Educators are asked to closely consider the trade-offs found in different learning activities. The preceding analysis suggests that if content is relatively easy and perhaps not very engaging, introducing a learning activity may be a helpful strategy, particularly when the activity is in alignment with the objective. If a learning task is already quite demanding, it may be possible to facilitate learning by using activities that introduce little additional cognitive load, such as imagining or predicting.

Future research needs to identify (components of) learning activities that can interfere with an otherwise engaging learning activity. These findings could be used to formulate more specific guidelines on how to design learning by doing. While the cognitive demands of two popular generative learning activities, learning by drawing and learning by teaching, and two less taxing, regularly used mental activities are analyzed in detail in this paper, the general pattern of this analysis can be applied to many other forms of (activity-based) instruction.

Contextual factors of the learning task may require additional considerations. For instance, the effectiveness of learning by drawing may depend on learners’ prior knowledge (Lin et al., 2017). As Lin et al. (2017) found that drawing only fostered learning for learners with a low prior knowledge, they theorize that drawing may be an unnecessary addition for learners with high prior knowledge.

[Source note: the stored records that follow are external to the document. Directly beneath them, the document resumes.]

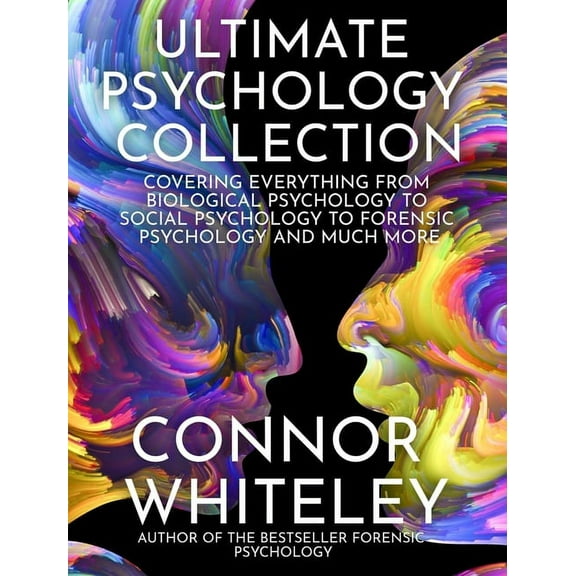 Introductory Ultimate Psychology Collection: Covering Everything From Biological Psychology To Social Psychology To Forensic Psycholo, Book 34, (Hardcover)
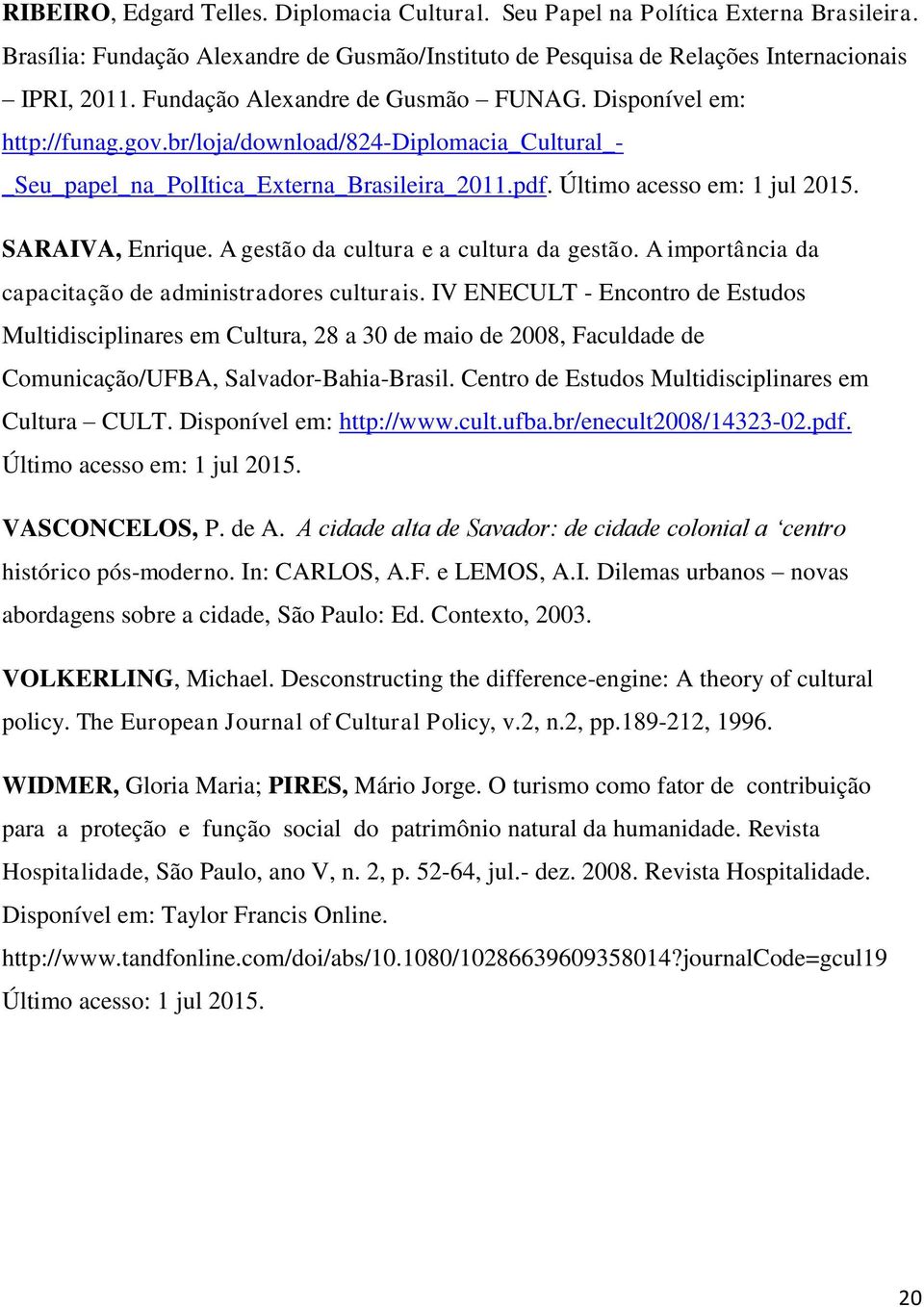 SARAIVA, Enrique. A gestão da cultura e a cultura da gestão. A importância da capacitação de administradores culturais.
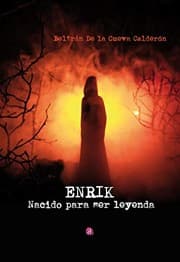 Tapa de Enrik. Nacido para ser leyenda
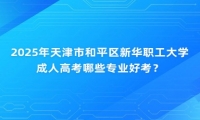 2025年天津市和平區(qū)新華職工大學(xué)成人高考哪些專業(yè)好考？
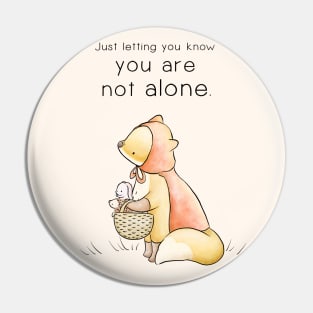 You are not alone Pin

An important implication of the analysis presented in this paper is that teacher education, in particular digital learning, needs to include a balanced view of activity-based learning and the use of digital tools. Aspiring teachers need to be made aware of the various cognitive demands that “learning by doing” can involve. Most importantly, teachers need to be cautious when combining content with learning activities. Without a consideration of the intrinsic cognitive load of learning content and the extraneous cognitive load that can be introduced through learning activities, these two types of cognitive load can easily add up to cognitively overwhelm learners. Thus, the cognitive analysis of learning tasks according to cognitive load theory and related principles should be practiced by pre-service teachers and other educators.

Conclusion

In conclusion, some ill-designed interventions based on the learning-by-doing principle may be comparable to opening up a restaurant while merely trying to learn how to cook. They can cognitively overwhelm learners with a considerable number of unrelated tasks and thereby may prevent learners from focusing on the intrinsic cognitive load of a learning assignment. Thus, it is important that educators strip away superfluous and distracting elements of activities in order to prevent keeping learners from being burdened with irrelevant secondary tasks. However, less demanding activities and activities that are well-aligned with the learning objective remain important components of instruction and offer great potentials for learning.